Pluralismo. Nelle scienze sociali, il termine pluralismo si riferisce a una struttura di interazioni nella quale i diversi gruppi si mostrano rispetto e tolleranza reciproci, vivendo ed interagendo in maniera pacifica, senza conflitti e senza prevaricazioni (e, soprattutto, senza che nessuno tenti di assimilare l’altro). Nelle società autoritarie od oligarchiche il potere politico è concentrato in poche mani e le decisioni vengono prese da un ristretto numero di persone. Al contrario, in una società pluralistica il potere e la facoltà di prendere decisioni (assumendosi la responsabilità delle relative conseguenze) sono distribuiti. Si ritiene che questo conduca ad una più ampia partecipazione all’impegno politico e sociale a favore di tutti, e che ciò possa dare risultati migliori di quelli delle forme politiche menzionate in precedenza.

Assimilazione: si fa riferimento al processo attivato dalla presenza egemone del monoculturalismo di una nazione o di un continente che tende ad assorbire le altre culture in un unico modello unitario. È di regola, creata dalla società di accoglienza come pratica di accettazione dei migranti. In questo contesto la società ospitante è data come una società compiuta, che non ha nulla da apprendere da chi è portatore di altre culture. L’identità del migrante viene riconosciuta solo nel momento in cui si spoglia dei suoi tratti culturali, per acquisire gli usi e i costumi della società ospitante. Tende, dunque, ad un processo di fusione psicologica e culturale di gruppi etnicamente diversi per dare origine ad una società omogenea ed indifferenziata al suo interno.

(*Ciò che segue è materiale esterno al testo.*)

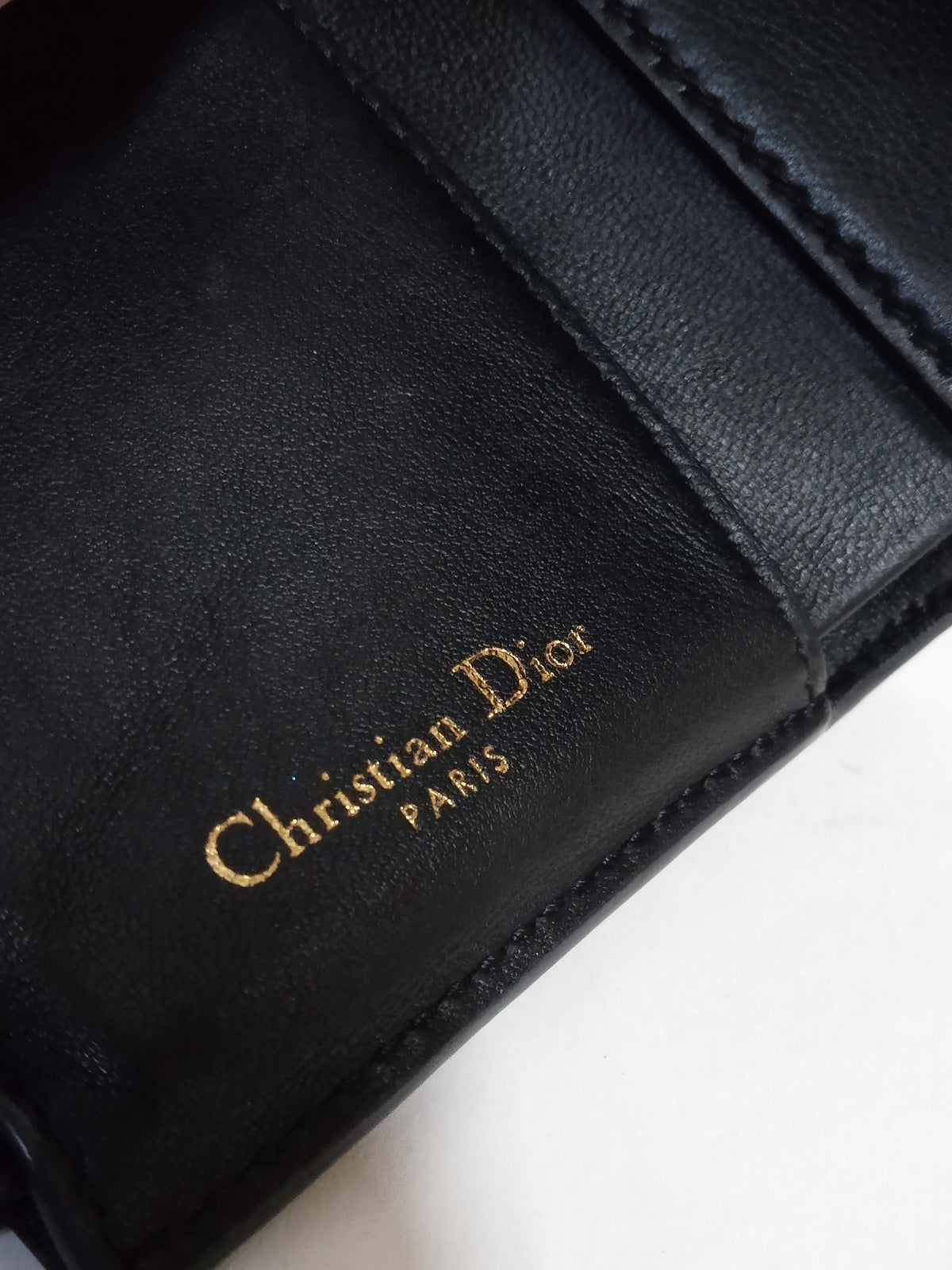 Dior/ﾓﾝﾃｰﾆｭ ﾛｰﾀｽ ｺﾝﾊﾟｸﾄｳｫﾚｯﾄ
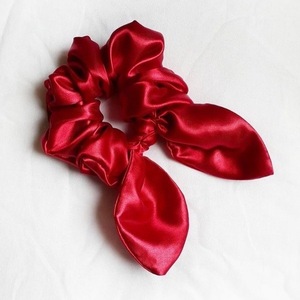 Red scrunchie σατεν - ύφασμα, λαστιχάκια μαλλιών - 3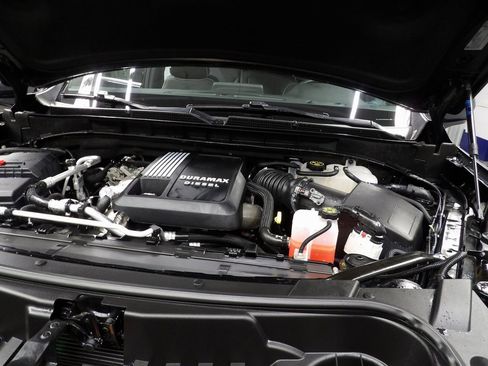 Used 2023 GMC Yukon SLT image 30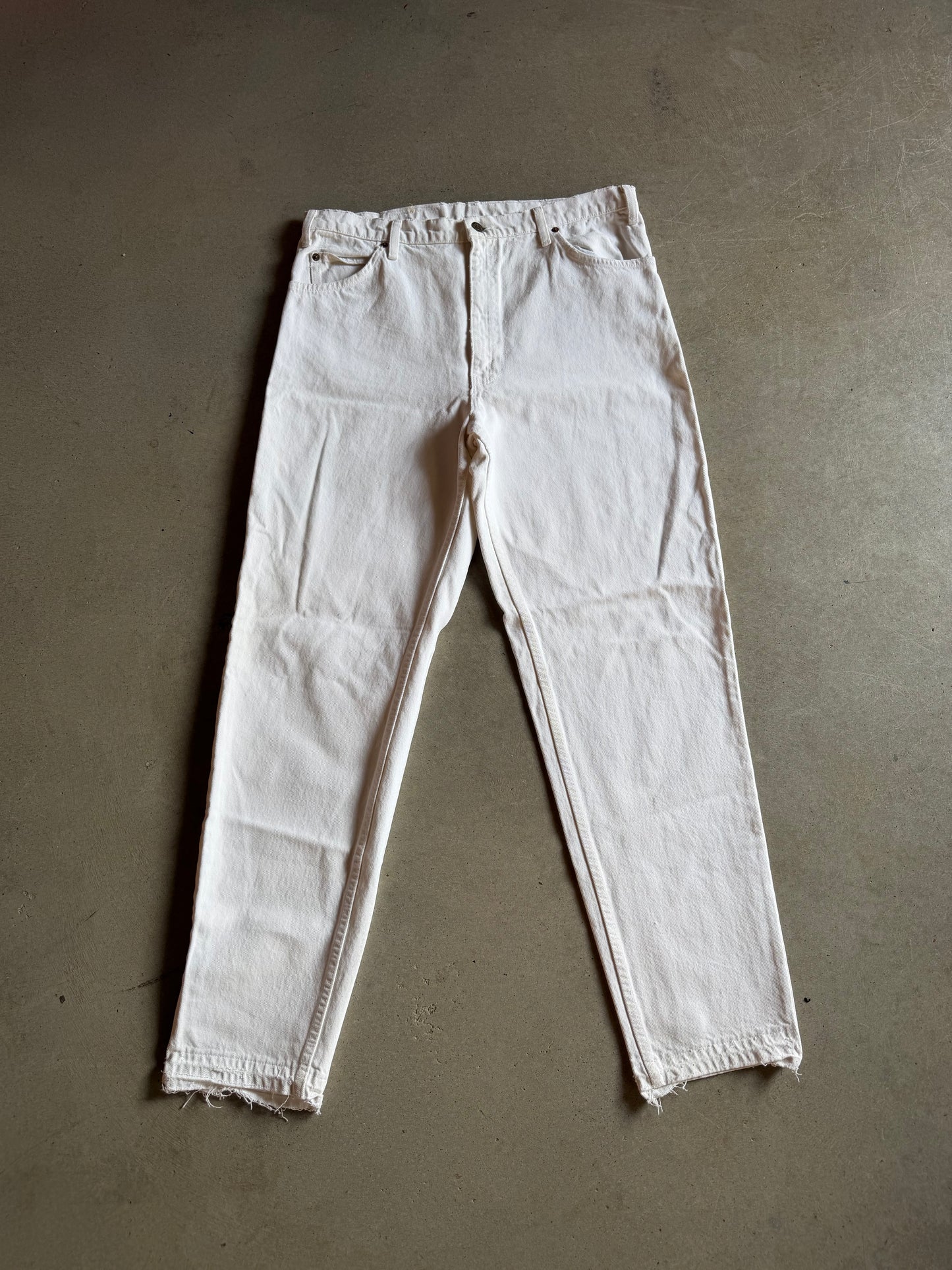 VTG Levi's 550 Orange Tag White Jeans Sz 36x32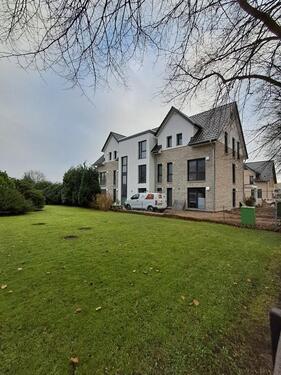 Foto - Erstbezug! 4-Zimmer-Neubau-Wohnung im 1.OG mit Balkon, Garderobenraum in Schiffdorf-Spaden.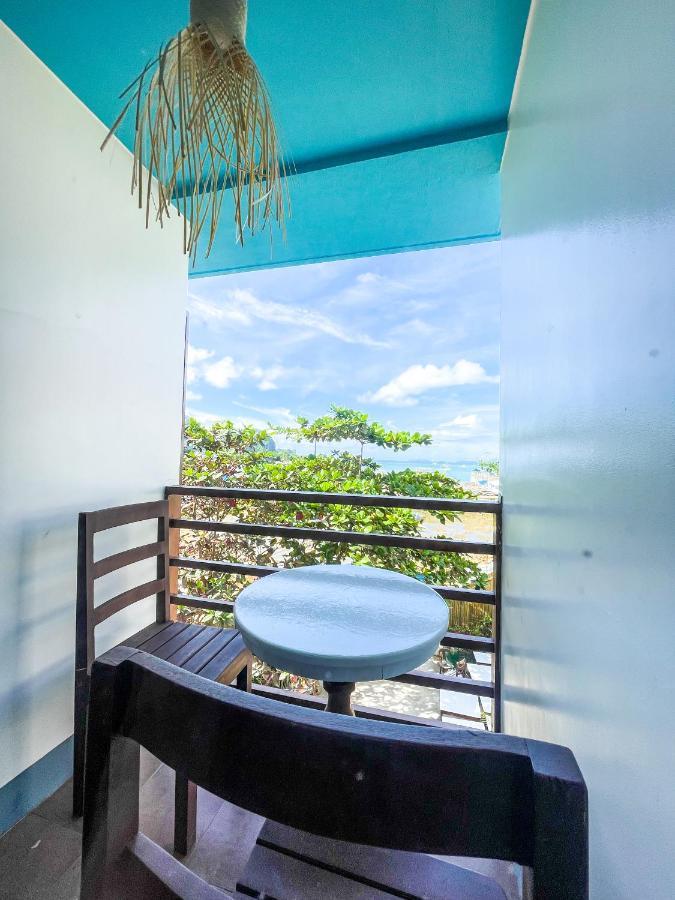 Amos Portside Inn El Nido Exteriör bild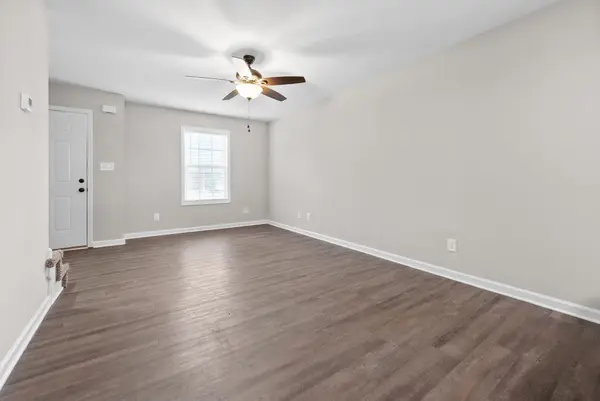 418 Peachers Mill Rd #G1, Clarksville, TN 37042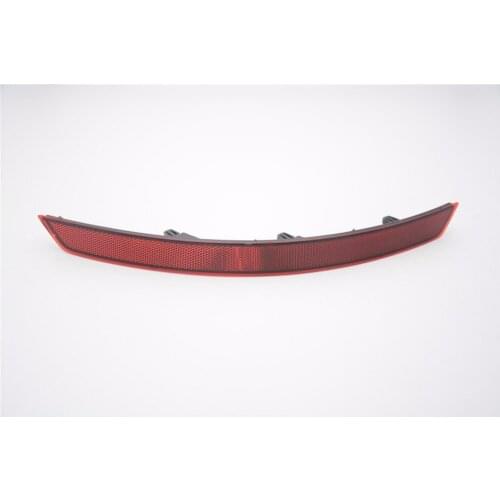 1Pcs Left Red Lens Rear Bumper Reflector Tail Light Lamp For 2016 Skoda Superb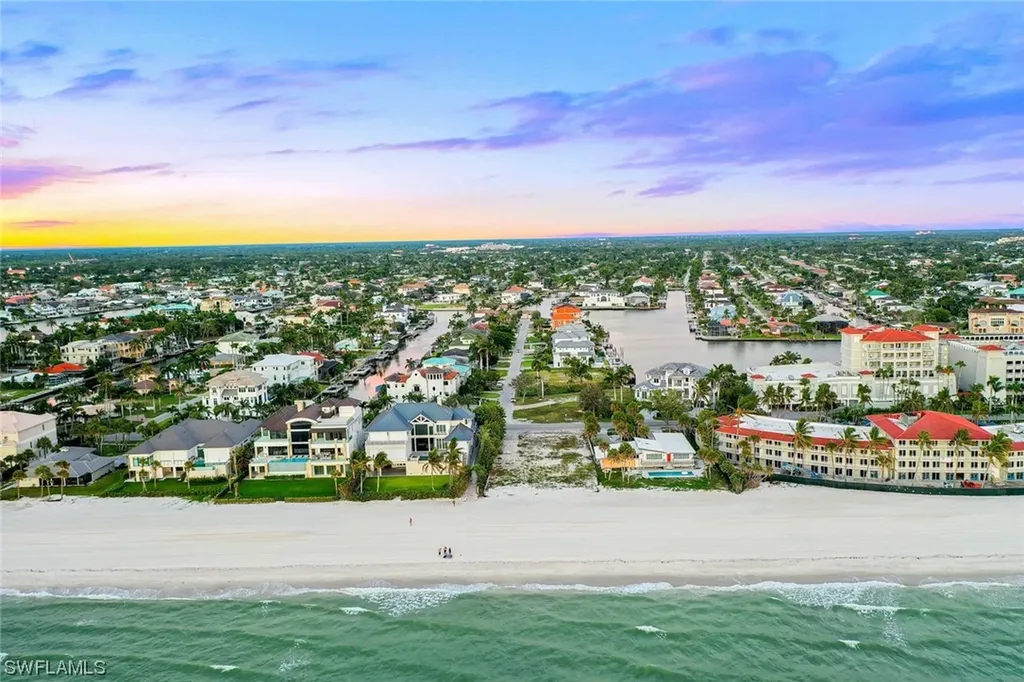 10047 Gulf Shore Drive Naples FL 34108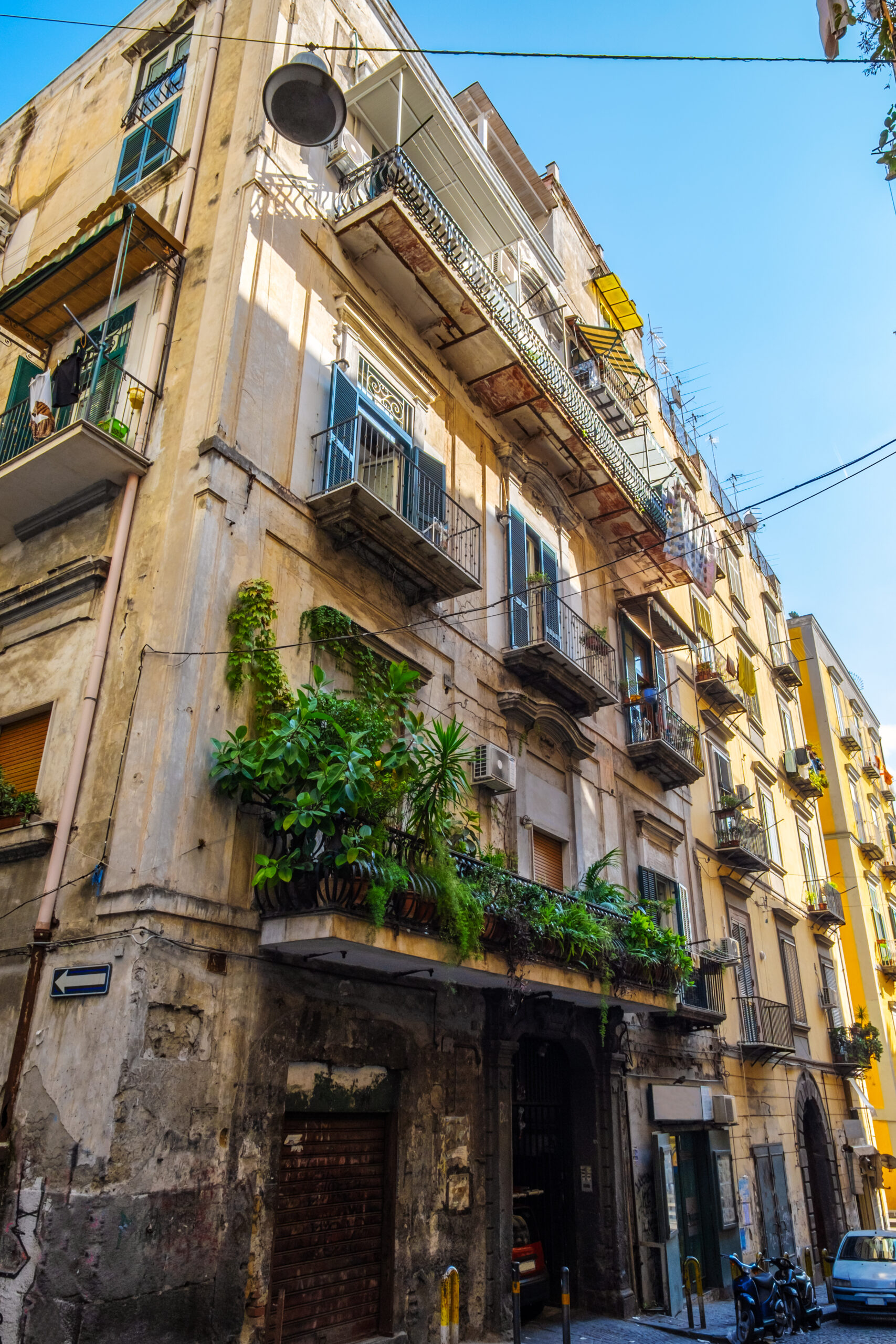 Gade i Quartieri Spagnoli i Napoli
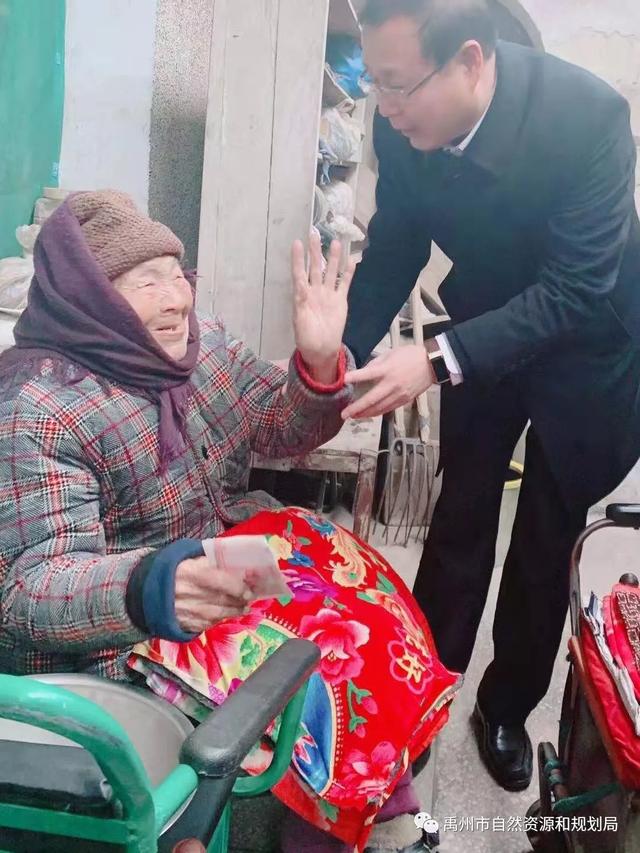 禹州市自然资源和规划局局领导节前看望慰问驻村队员和贫困户 禹州市自然资源和规划局局领导节前看望慰问驻村队员和贫困户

Integrazione: si intende l’inclusione delle diverse identità in un unico contesto all’interno del quale non sia presente alcuna discriminazione e nel quale venga praticata la comunicazione interculturale, che dovrebbe fondarsi sulla tolleranza, ascolto attivo, empatia e cura. È il processo attraverso il quale il sistema acquista e conserva un’unità strutturale e funzionale, pur mantenendo la differenziazione degli elementi. L’integrazione è anche il prodotto di tale processo, in termini di mantenimento dell’equilibrio interno del sistema, della cooperazione sociale, del coordinamento tra i ruoli e le istituzioni.

Inclusione: sociale può essere definita come la situazione in cui, una serie di aspetti multidimensionali, che comprendono l’opportunità sostanziale degli individui di vivere secondo i propri valori e le proprie scelte e di migliorare le proprie condizioni, godono degli standard essenziali. In questa situazione, le disparità tra le persone e i gruppi sono socialmente accettabili e il processo attraverso il quale vengono raggiunti questi risultati è partecipativo ed equo.